You can use the above points to check your manuscript’s pacing by applying a few percentages. These percentages are not made up but found from delving into screen-writing and literature to mark the perfect places for the above-mentioned points/moments to fall for impactful stories. There is math involved, but I promise you it’s just plugging stuff into a formula, getting the answer, and then scrolling (if you are on a digital device) through your manuscript.

Act One is the first 25%.

Act Two is 26%-75%.

Act Three is 75%-100%

To check your pacing, simply plug your overall page count (or word count) into the following formula.

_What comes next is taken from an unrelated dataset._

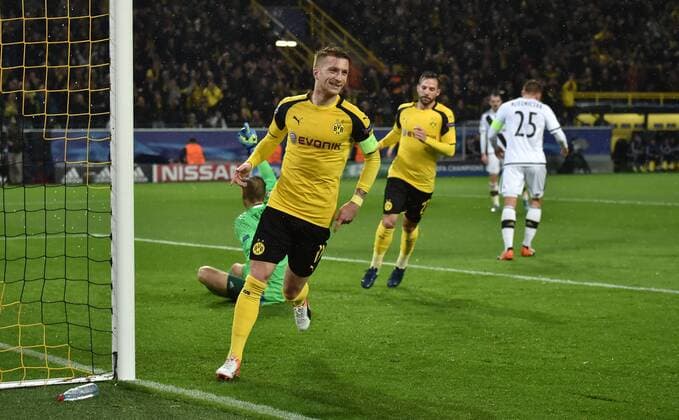 22.11.2016, Fussball UEFA Champions League 2016 17, Vorrunde, 5. Spieltag, Borussia Dortmund - Legia Warschau, Marco Reus (Borussia Dortmund) dreht nach seinem Treffer jubelnd ab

If my short story is fifteen pages long, and I need to check that my Act One ends in the proper place, all I have to do is the following:

OverallCount x 0.25 = End of Act One

15 x 0.25 = 3.75

That means my Act One should conclude, meaning that I have everything set up and ready to roll into the next act, on/around page 4 of the manuscript.

If by page 4 everything is set up and my two main points are in place, then I know that Act One’s pacing is good. However, if there is an issue, then I will know what needs my attention.

If the section is too long, I can search back over the elements to see if I have included any superfluous information.

If the section is too short, then I will know that I need to make sure that I have included all necessary information.


Here are the worksheets we have created to make this process easier for you:


Micro Pacing:

In what we are going to call “micro pacing,” we are going to cover a few “small” aspects of a manuscript that can hinder the pacing. Hooks, sentence length, and point-of-view.

Hooks:

Tasty points of intrigue that are intended to have the reader salivating. They are unable to put the story down because they have to know what comes next. These are not things that are contrived or made up; they should already be in the story.

Think of these visually. Have you noticed in TV shows that something intentionally vague or surprising happens before the commercial rolls in? Scriptwriters do this on purpose! You should too. Control your readers’ experiences by planting hooks before your scene breaks. If your scene has ended on a note that feels like a present with a prettily tied bow, the manuscript should be ending.

Dwight Swain, an Oklahoma Writing Hall of Fame inductee, screenwriting documentary pioneer, and author explained the format of a scene as follows: Goal, conflict, disaster.

Goal: The character wants something.

Conflict: Something is pushing back against the character from achieving their goal.

Disaster: Something happens to stop the character from achieving their goal.

Disaster does not mean an apocalypse, or death, per se, but it does mean that if the story hasn’t been resolved the character should still have a need.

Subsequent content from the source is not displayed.